In 2,000 years, will someone look at the symbolism surrounding Pope John Paul II’s death and say it was embellished? CNS photo

Biblical events, symbols and fact

By 
  • May 28, 2015

One of the joys of the Easter season, just concluded, is the ample readings from the Gospel of John. Indeed in the final days of the Easter season, as Pentecost approaches, the Church gives us at Holy Mass the last verses of John, culminating with the summary of the Christian life given to Peter by Jesus: “Follow me!”

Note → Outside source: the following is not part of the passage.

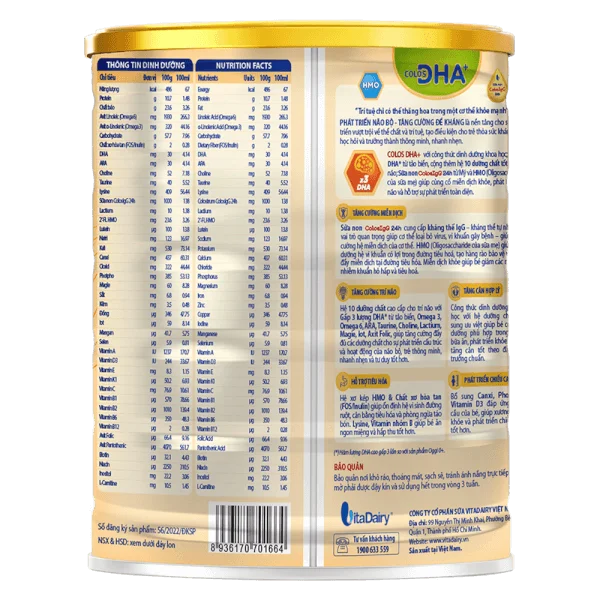 Sữa Colos DHA+ 0+ 800g (0-12 tháng tuổi)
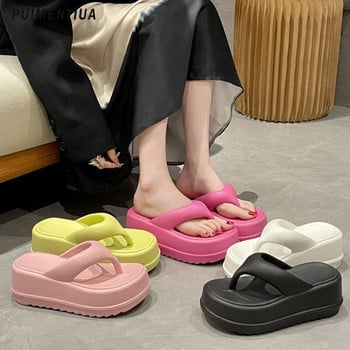 Танкетки Дамски чехли Сандали на платформа Високи токчета Летни дамски обувки Плажни джапанки Сладки цветни пързалки Чехли за жени 2023 г.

All the Gospels, especially John, include various details rich in symbolism. This poses a challenge for biblical interpretation, which often treats such events as creative flourishes by the biblical author to illuminate a particular point. An extreme form of this approach denies even dogmas of the faith; Jesus was not virginally conceived, but rather the story speaks of His unique relationship with the Father. More commonly, it denies the historical accuracy of major miracles of Jesus; the multiplication of the loaves and fish did not actually take place, but was invented by the author to show that Jesus persuaded people to share their goods, or some such. In milder form, it might argue that the birth of Jesus did not actually take place during the first universal census, but the Gospels make a spiritual point, namely that when it came time for the whole human race to be counted, Jesus Christ was present.

Against this, the Church teaches the historicity of the Gospels and professes that if something seems richly symbolic it is because the divine author of sacred Scripture, the Holy Spirit, arranged it so.

The mother of all such examples is the 153 fish miraculously caught in John 21, passages from which accompany us throughout Easter. Why did John write that there were 153 fish in the net? What does it mean? Why did John insert that there?